We can verify the Litmus tool installation by

kubectl get pods -n litmus
kubectl get svc -n litmus

You should see litmusportal-frontend-service and other four dependent services running as pods.

Create a Google Cloud firewall rules for frontend-service and server-service to allow connections from internet to access Litmus ChaosCenter:

gcloud compute firewall-rules create <NAME_FRONTEND_SERVICE> --allow tcp:<TCP_PORT>
gcloud compute firewall-rules create <NAME_SERVER_SERVICE> --allow tcp:<FIRST_TCP_PORT>

The URL of Litmus ChaosCenter can be obtained from the below command. The output format will be like (example) http://172.17.0.3:31186

LITMUS_PORTAL_NAMESPACE=litmus
export NODE_NAME=$(kubectl -n $LITMUS_PORTAL_NAMESPACE get pod -l "component=litmusportal-frontend" -o=jsonpath='{.items[*].spec.nodeName}')
export EXTERNAL_IP=$(kubectl -n $LITMUS_PORTAL_NAMESPACE get nodes $NODE_NAME -o jsonpath='{.status.addresses[?(@.type=="ExternalIP")].address}')
export NODE_PORT=$(kubectl -n $LITMUS_PORTAL_NAMESPACE get -o jsonpath="{.spec.ports[0].nodePort}" services litmusportal-frontend-service)
echo "URL: http://$EXTERNAL_IP:$NODE_PORT"

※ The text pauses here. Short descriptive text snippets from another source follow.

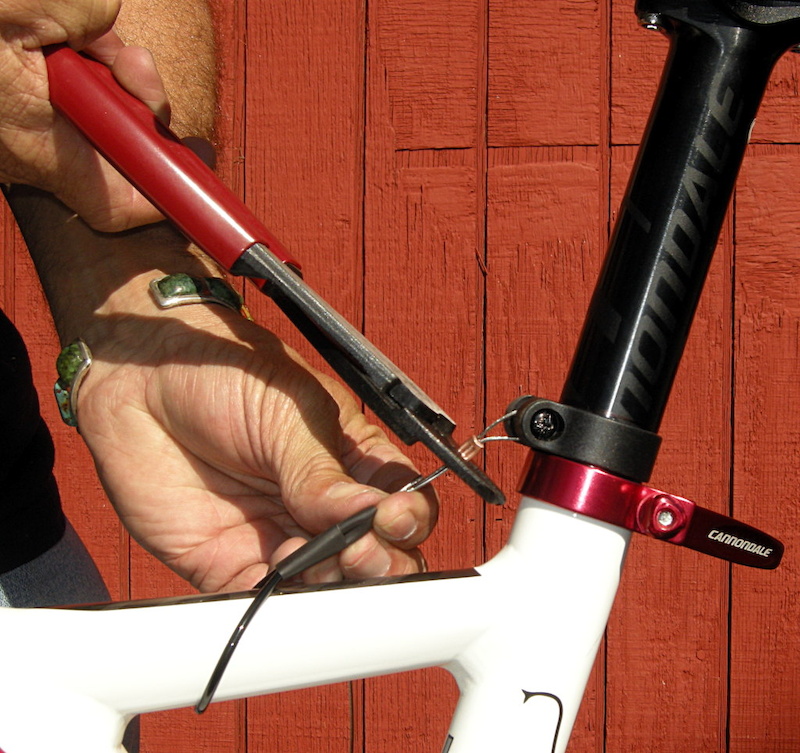 Crimp the upper loop with the saddle slammed so there is plenty of slack in the cable.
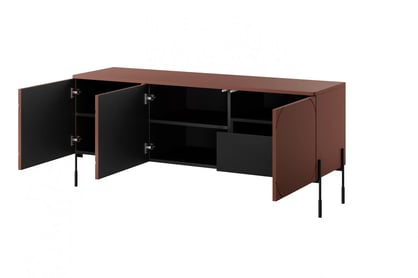 Comodă TV Sonatia 150 cm cu trei uși și un sertar - burgundy Dulap TV cu trei uși z ukryta szuflada Sonatia 150 cm - burgundy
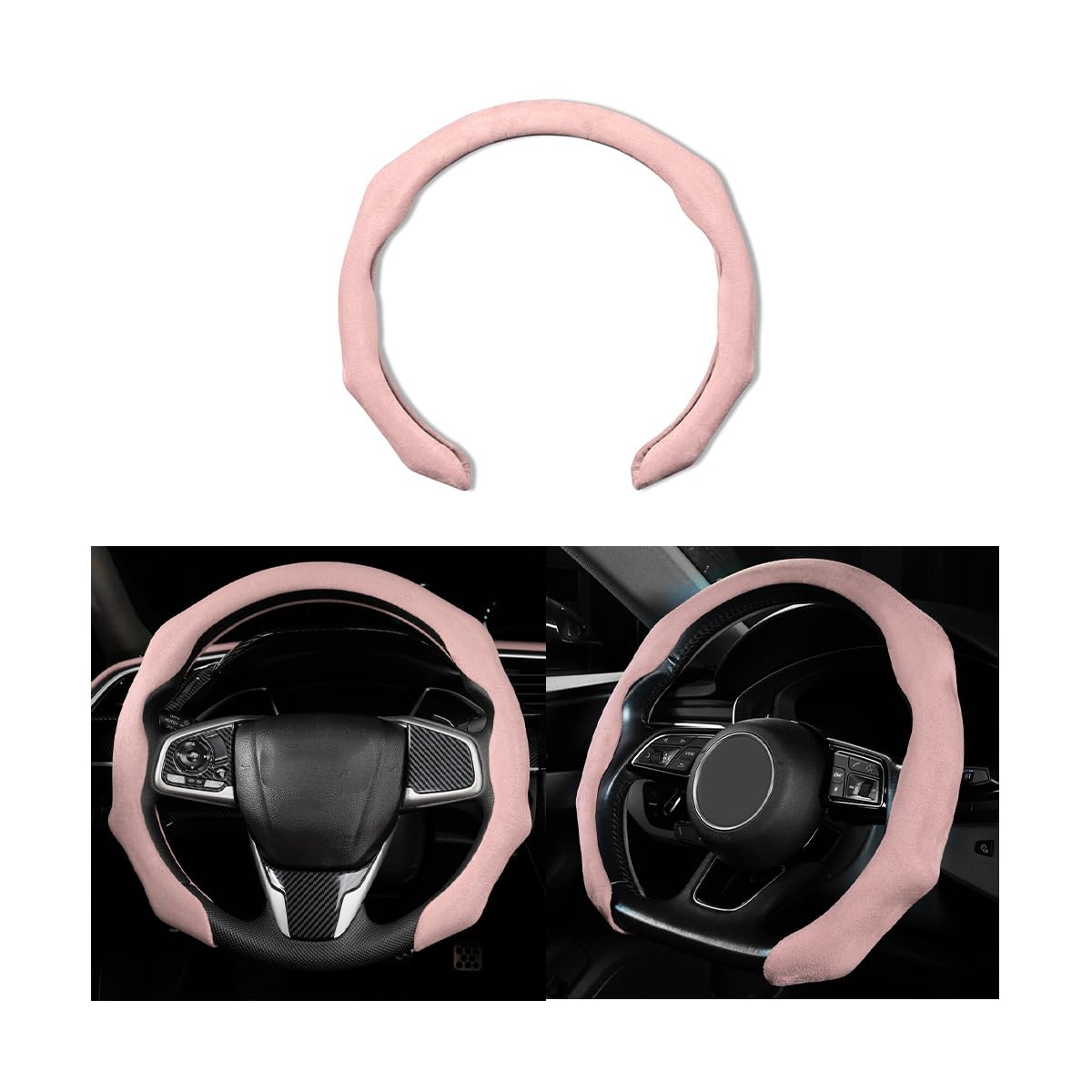 Mandark 15 Inch Car Steering Wheel Cover, Non-Slip, Black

The default credentials are provided below, however you are asked to change the password in the first login attempt

Username: admin
Password: litmus

Now, we are going to test reliability of GKE nodes by injecting CPU and Memory stress. You should see self-agent under ChaosDelegates in active status.

Click schedule a Chaos Scenario and select self-agent as a delegate.

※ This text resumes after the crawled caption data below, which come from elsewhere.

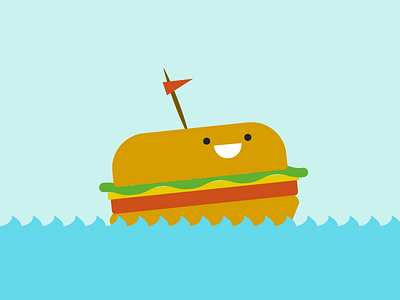 Burger at Sea boat burger cute ocean sailboat sea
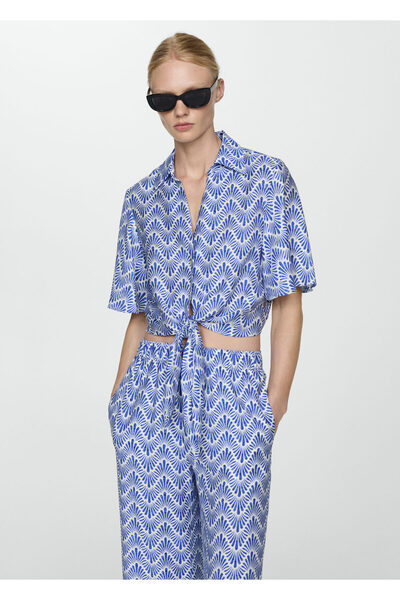 MANGO Woman Mavi Kadın  Pantolon 67048641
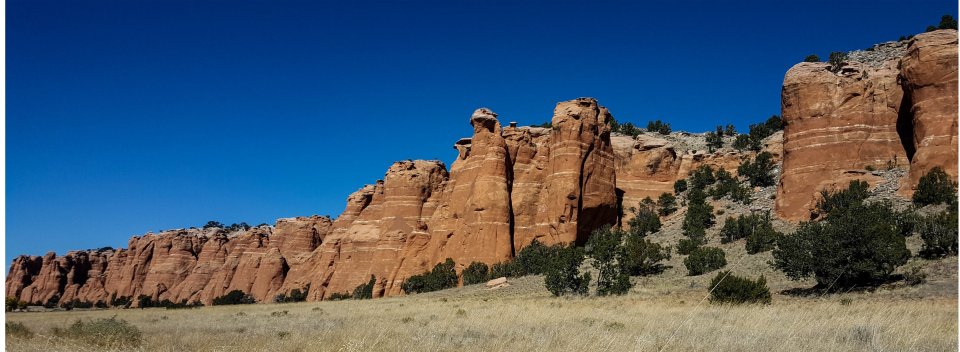 Panoramic photo of sandstone formations near Grants, New Mexico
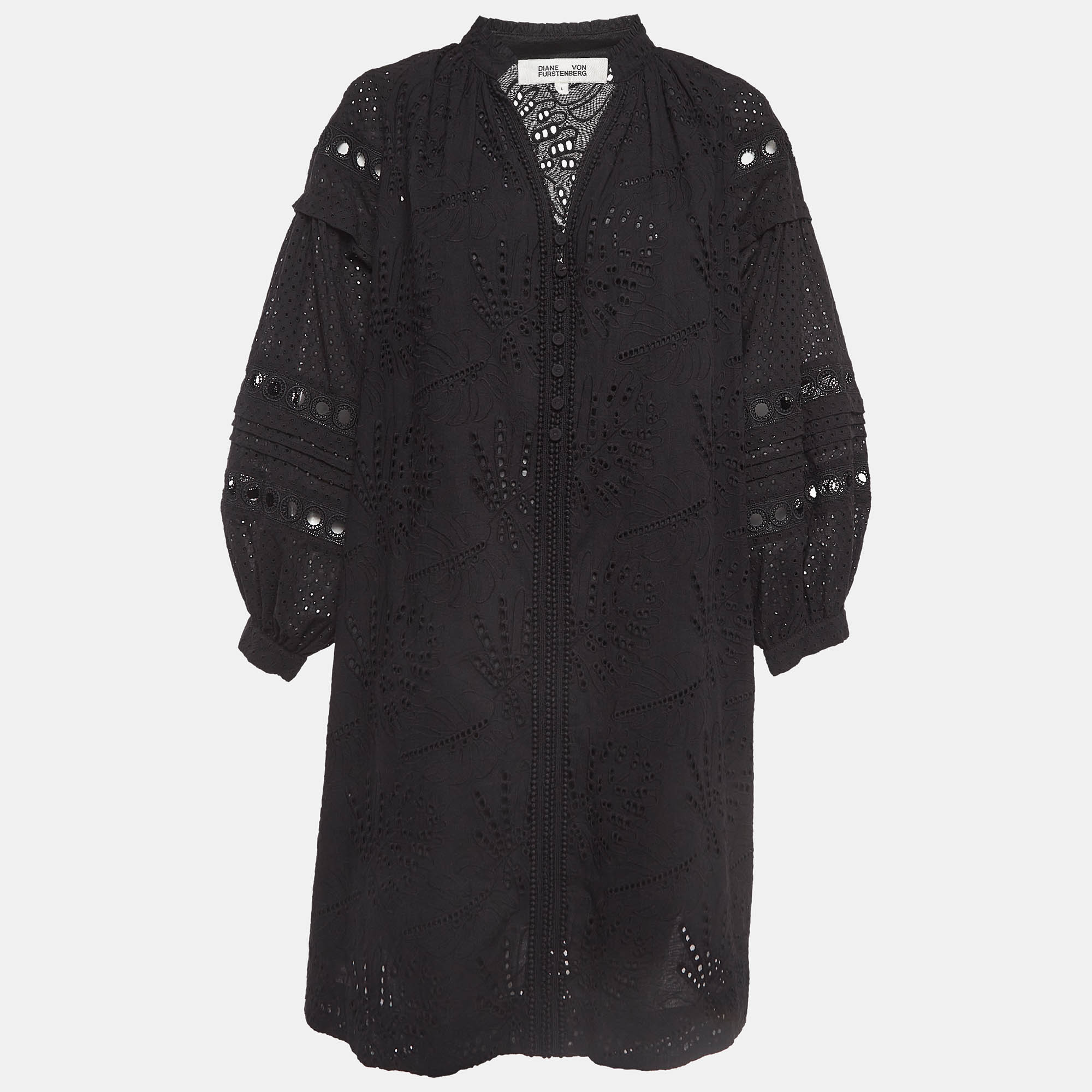 Diane von furstenberg black nicolette broderie anglaise cotton mini dress l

You can choose pre-defined scenarios, bring your own, use template or select from ChaosHub. I have chosen ChaosHub.

select generic/node-cpu-hog and generic/node-memory-hog

Resiliency score is the measure of how resilient is the chaos scenario when different chaos scenarios are performed on the Kubernetes System. The weight priority is generally categorised in three levels 0–3 (Low Priority), 4–6 (Medium Priority), 7–10 (High Priority).

ChaosHub is a marketplace where you can get various experiments.

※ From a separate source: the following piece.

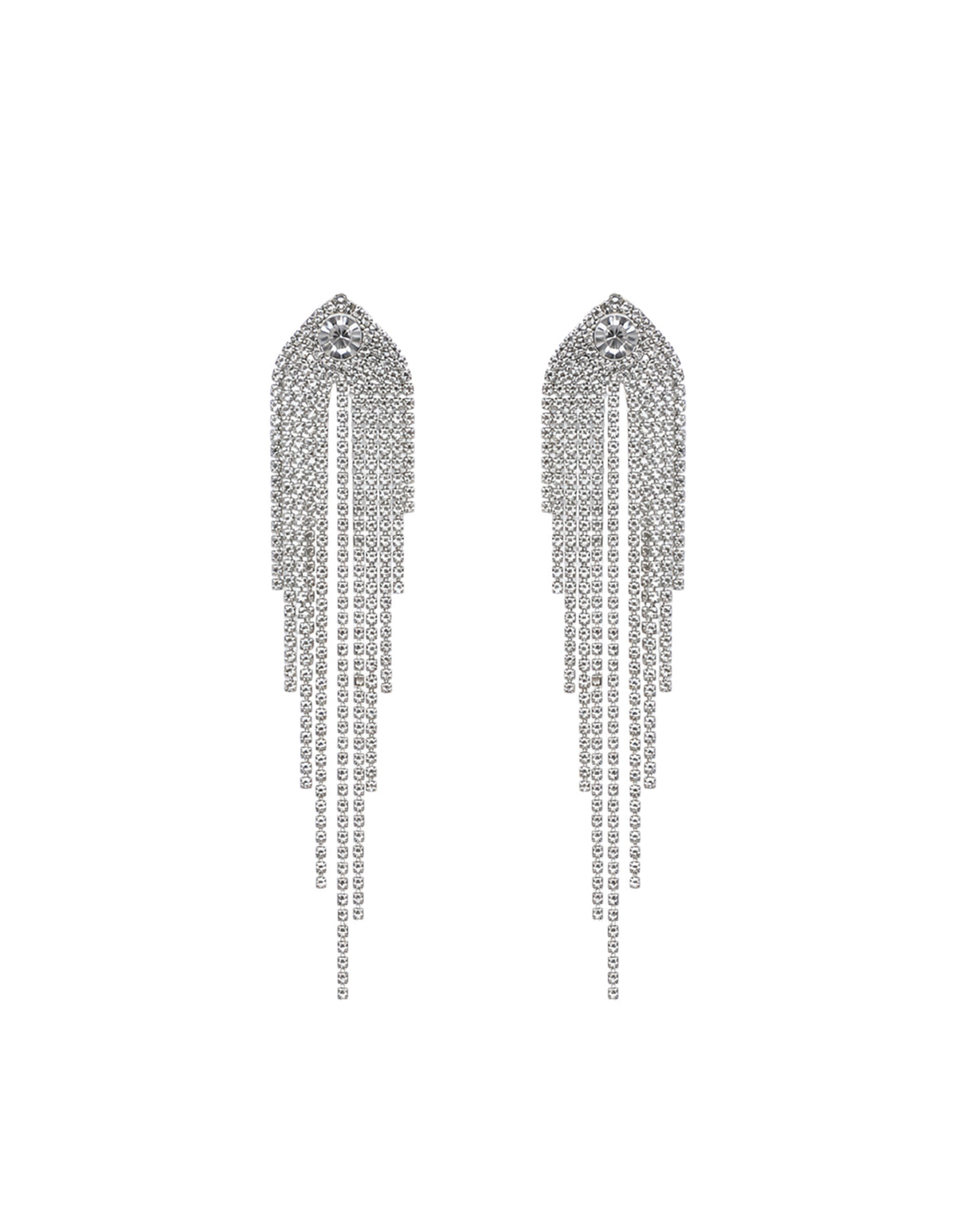 Veil Rhinestone Fringe Earrings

you can edit sequence to choose either run cpu and memory simultaneously, or each one sequentially.

Click edit YAML -> and change the environment variable TARGET_NODES to the GKE node names. You can have multiple nodes in-place by separating comma.

Once you schedule as per the requirement and verify the details, you are good to click finish to run the experiment.

kubectl get pods -n litmus

You can see the pods popping up and inducing the stress on CPU and Memory.

kubectl top nodes

The comprehensive details of running experiments can be found in graphical view and table view. The logs have been recorded and presented live during the execution and it follows for Chaos Result as well. You can see in the above image, the verdict is Awaited, that renders the job is in progress.

Once, the scenario is completed, the report will be generated that can be found in analytics under statistics section. In the above scenario, the resilience score is 100 % (10 points for CPU Stress and 10 points for Memory Stress) that indicates the GKE nodes are efficiently resilient for the defined configuration inclined to this particular experiment.

This brings us the completion of Chaos Tests (CPU/Memory) in GKE nodes. Moreover, the Litmus tool have capability to integrate with Prometheus and Grafana . You can get more details from documentation section from Litmus tool.

………..Thank you for visiting the blog and have a great day!…………

--

--